They were, I am guessing, Wesleyan Methodists who, like the Quakers, were anti-slavery. My father's people lived in the Piedmont of North Carolina in what came to known as the Quaker Belt. Shall we do as the professors who signed the letter to our president asked him to do - shall we heap scorn upon these monuments and chastise those who will not? Should we do as their doctrinaire kin in Afghanistan did? Shall we, like the Taliban, destroy our statues with dynamite because they offend a prevailing dogma? Shall we disinter the bones of our ancestors like the radical Jacobins of the French Revolution did, scattering their unearthed remains to the winds - first to be reviled, then ever to be forgotten?

By leaving for us, their progeny, a record in stone, they are expressly calling upon us, their grandchildren, great-grandchildren and great-great-grandchildren to remember. In the act of designing and erecting these monuments and statues they are telling us what was important to them in their time.

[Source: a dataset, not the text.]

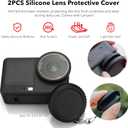 OSMO Action 6 Case, PU Portable Carrying Case, Lens Screen Protectors Comatible with DJI Osmo Action 6, Rubber Lens Cap Cover, Protetive Hard Shell Travel Bag for Action 6 Accessories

We cannot wish our ancestors away, nor should we. It is worth your time to read the whole thing:
#What day does quinn show up in papas bakeria movie
Ron Maxwell, the director of the movie Gettysburg, gave this talk years back in response to a call by academics ( natch) for Obama to not lay a wreath, as tradition called for, on the grave of Confederate dead. But they won their freedom with the gun and the knife, allied with the doomed Cherokee and fought their long, losing retreat across the Blue Ridge into the fertile soil of west Tennessee and northeast Mississippi.Īnd when their adopted home of Tennessee called, those plain dirt farmers answered that call. Exiled to the Colonies, forbidden the wearing of the plaid and the possession of weapons upon pain of death.

My people didn't keep slaves they were slaves….unwilling indentures, losers in the English pogram against the Scot Highlanders after the disastrous battle of Culloden Moor. The Army of Tennessee died in 1864 on the bloody ground around Franklin, south of Nashville, for the vain glory of a fool. They marched for the rectangular version of the Army of Tennessee, not the first time McBane marched to some version of St. My people, to borrow the phraseology of our former thug of an Attorney General, didn't march under Lee's battle flag.